I have made some effort to capture the drawing style information so that features can, in theory, be drawn similarly to AutoCAD by OGR applications. There is still really only one way to do this in OGR and that is to provide styling information as OGR Feature Style strings. This is a format that Daniel Morissette, myself and I believe Stephane Villeneuve defined many years ago as based closely on the sorts of styling supported by the mapinfo format(s). A few extensions have been made over the years, and a few OGR drivers utilize it to return styling information including DGN, and MapInfo. Andrey Kiselev has also done some stuff with it, so I presume there is a driver of his that uses it. So far the only two application that I know of using the feature style information are OpenEV and MapServer (via OGR autostyling).
I'm quite conflicted about the OGR feature style specification. I just hate to define "yet another" way of describing feature styling that is not closely related to any proper standard. I can't help but think there ought to be something more standards oriented to use as a basis. Perhaps OGC SLD, or SVG or something like that. But SLD didn't exist when we started, and does not express a lot of what I want. I don't really know that much about SVG - perhaps it would be a good choice. So, lacking a clear plan each time I need styling I do a bit more work on the OGR feature style specification while remaining less than fully committed to it as a long term thing.

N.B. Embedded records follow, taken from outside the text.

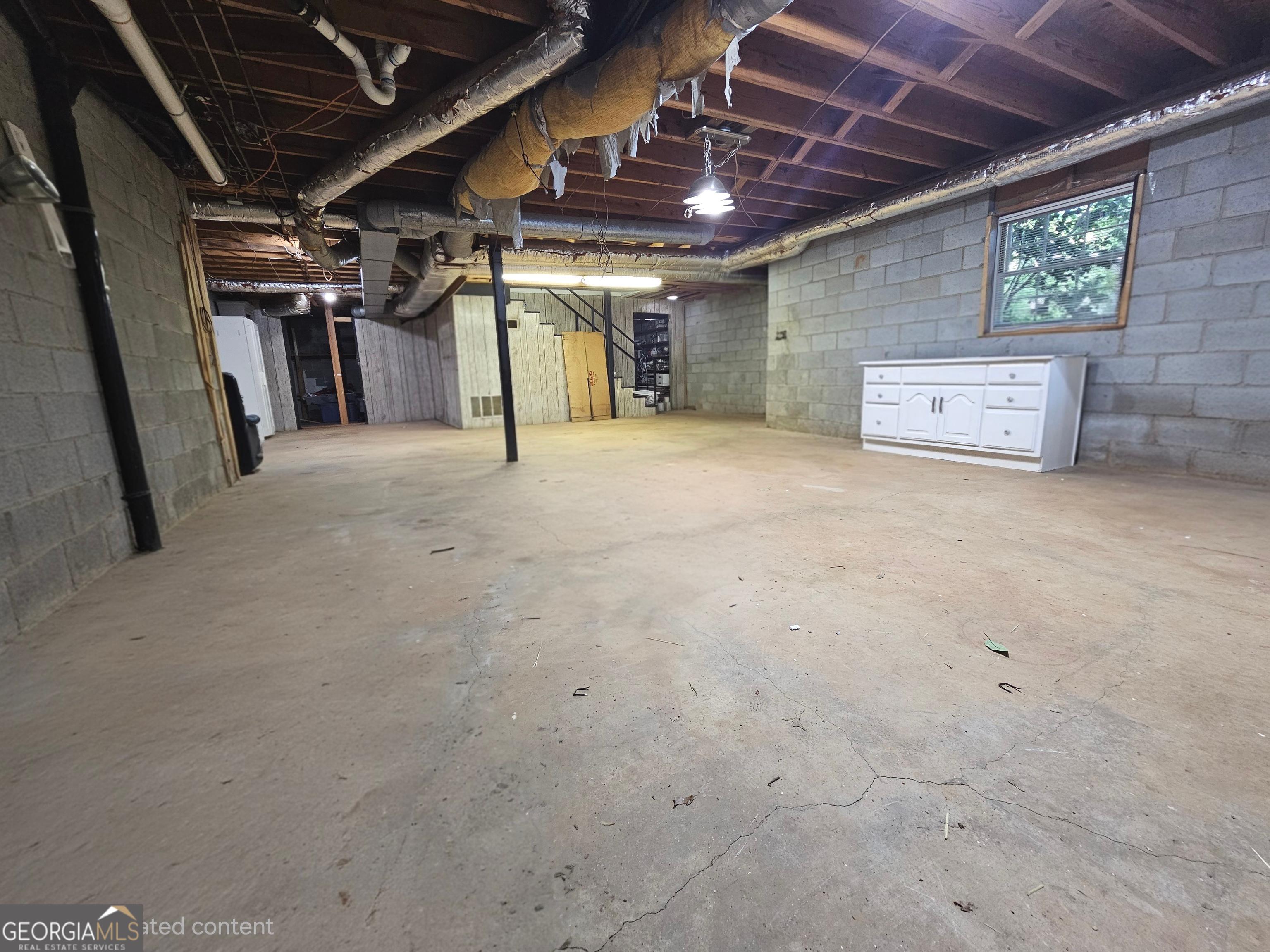 615 Kings Road Property Photo 29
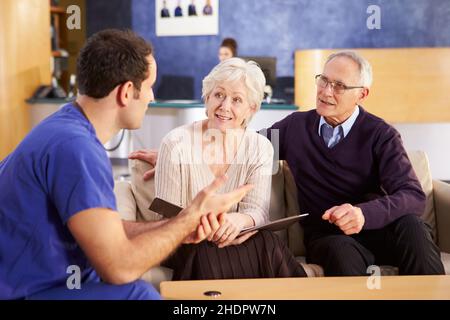 médecin, consulter, couple plus âgé, médecins, consulter,couples plus âgés Banque D'Images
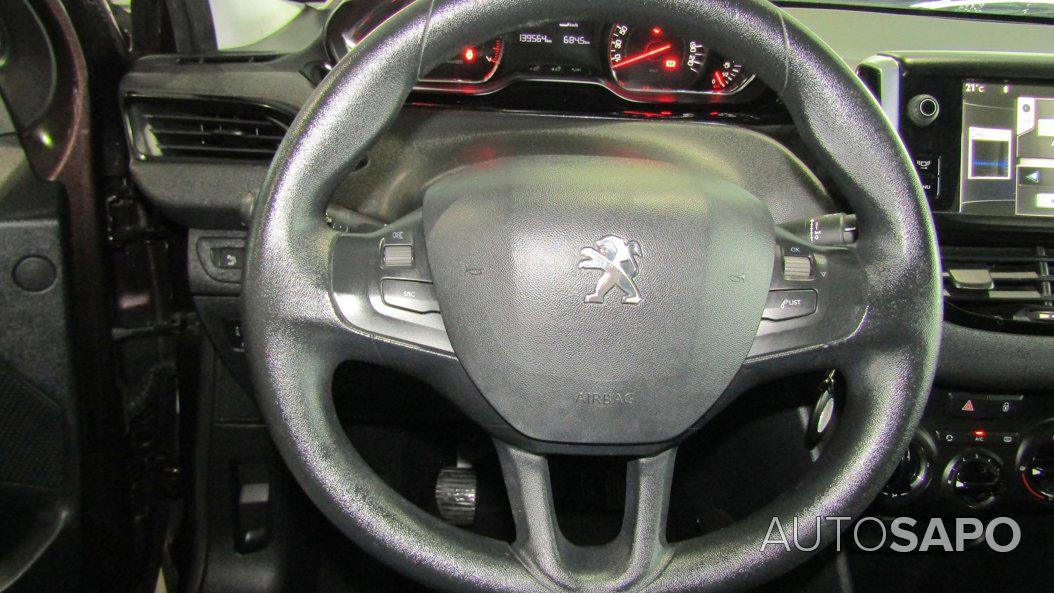 Peugeot 208 de 2012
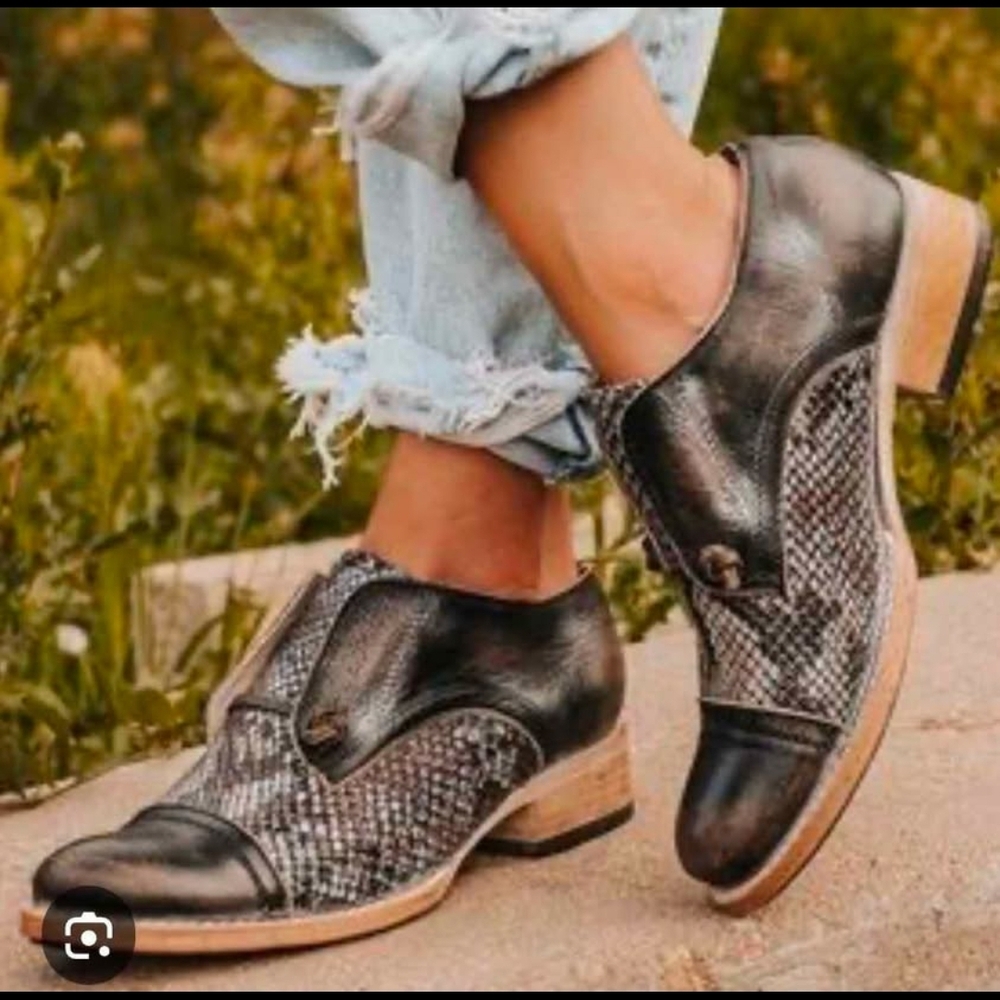 Freebird by Steven Black & Gray Textured Leather Oxford Flats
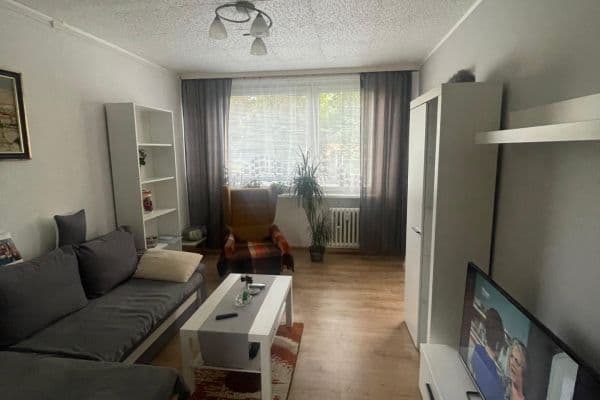 Pronájem bytu 3+1 54 m², K. H. Borovského, Most Pronájem bytu 3+1 54 m², K. H. Borovského, Most
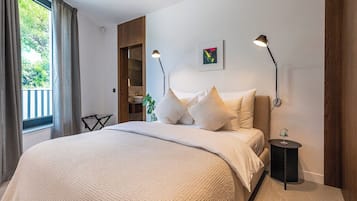 2 quartos, cofres nos quartos, escrivaninha, cortinas blackout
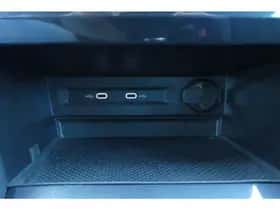 Volkswagen Tiguan (2022) thumbnail 41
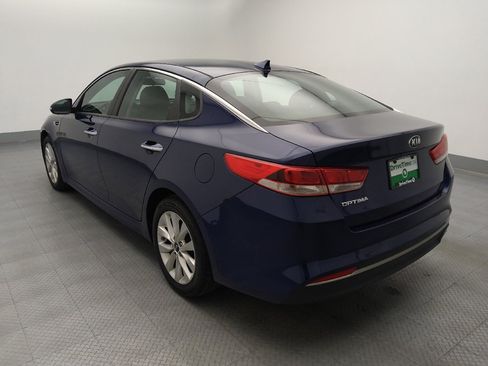 Used 2017 Kia Optima LX FWD image 5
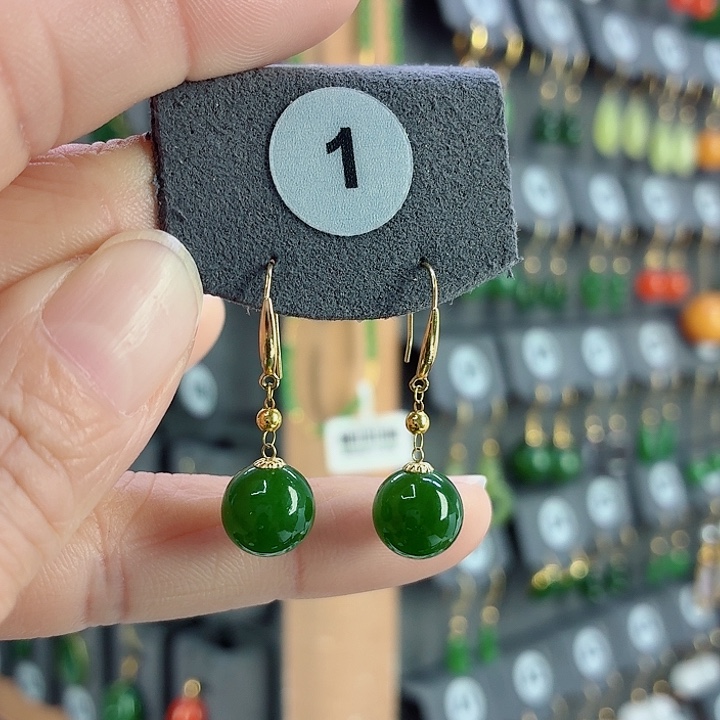 和田玉18K金镶嵌耳饰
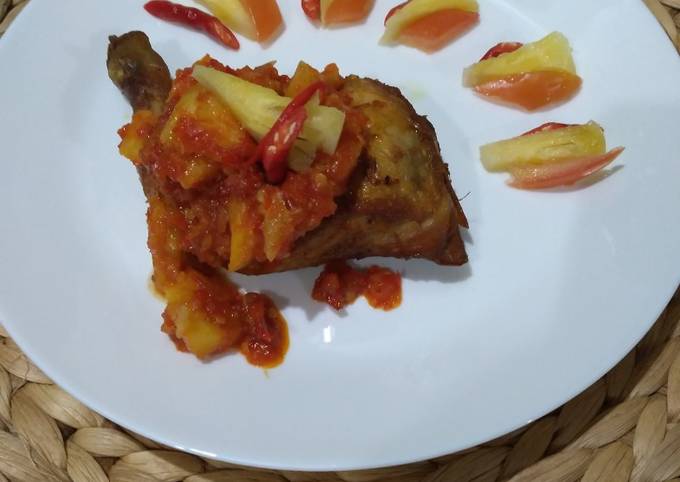 Ayam goreng sambel nanas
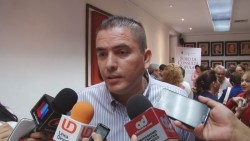 Conductor de camioneta auxilio a menores atropellados.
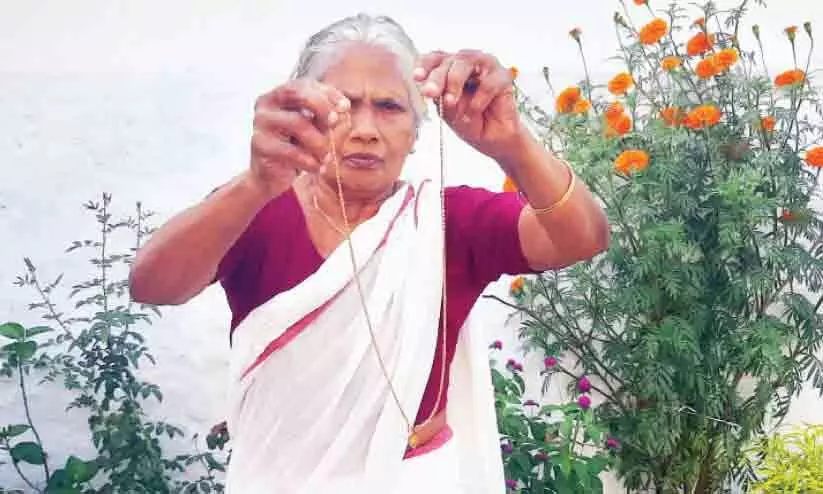 രണ്ടര പവന്റെ മാല പൊട്ടിച്ച മോഷ്ടാവിനെ കീഴ്പ്പെടുത്തി 75കാരി മാല പൊട്ടിച്ച മോഷ്ടാവിനെ കീഴ്പ്പെടുത്തി 75കാരി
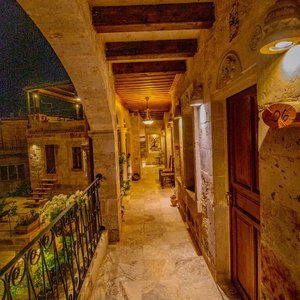 Aren Cave Hotel &amp; Art Gallery, hotel in Goreme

Another aspect that was challenging was all the curves. I added the OGRGeometryFactory::approximateArcAngles() method as a generic mechanism to approximate arcs on an ellipsoid or circle as linestrings. The code was adapted from the Oracle driver and similar code exists in the DGN, and NTF drivers too I believe. So, finally this moves into the core.
One of the DXF curve types is a spline. Review the QCAD source code I found they implemented the spline rendering using rationale b-spline curves derived from Chapter 4 of An Introduction to NURBS by David Rogers. They release under the GPL so I can't directly use the code from QCAD without also putting GDAL/OGR under GPL restrictions, so I contacted the original author for permission to publish this code under the MIT/X license, like GDAL. He has indicated he has received my email and is considering the request ... so I wait.
In addition to the specification, I have also found the QCAD (and it's underlying dxflib library) to be a useful reference. I considered using dxflib but it really does not seem to solve any of the hard parts for me, and it would have added a dependency on an external library - complicating building of GDAL/OGR. The other very helpful resource was the v.in.dxf code from GRASS. This is a slightly less sophisticated dxf reader than OGR (IMHO) but it provided a very easy to understand implementation of a DXF reader for GIS data that was especially helpful in writing the proposal for the DXF driver. I also used it as a reference when implementing some of the element translations.
Before closing, I would like to thank Andreas Neumann and the City of Uster who have provided funding for this development. It seems that local government in Switzerland punches above it's weight in the free gis software world (the Kanton of Solothurn is also a big supporter of qgis, and related technologies as I understand). If only one in ten cities in the world made serious use of free gis software and provided enough financial support for one core developer it would have a huge boosting effect.
Anyways, preliminary DXF read support is in GDAL SVN now. Consider trying it out and providing feedbac.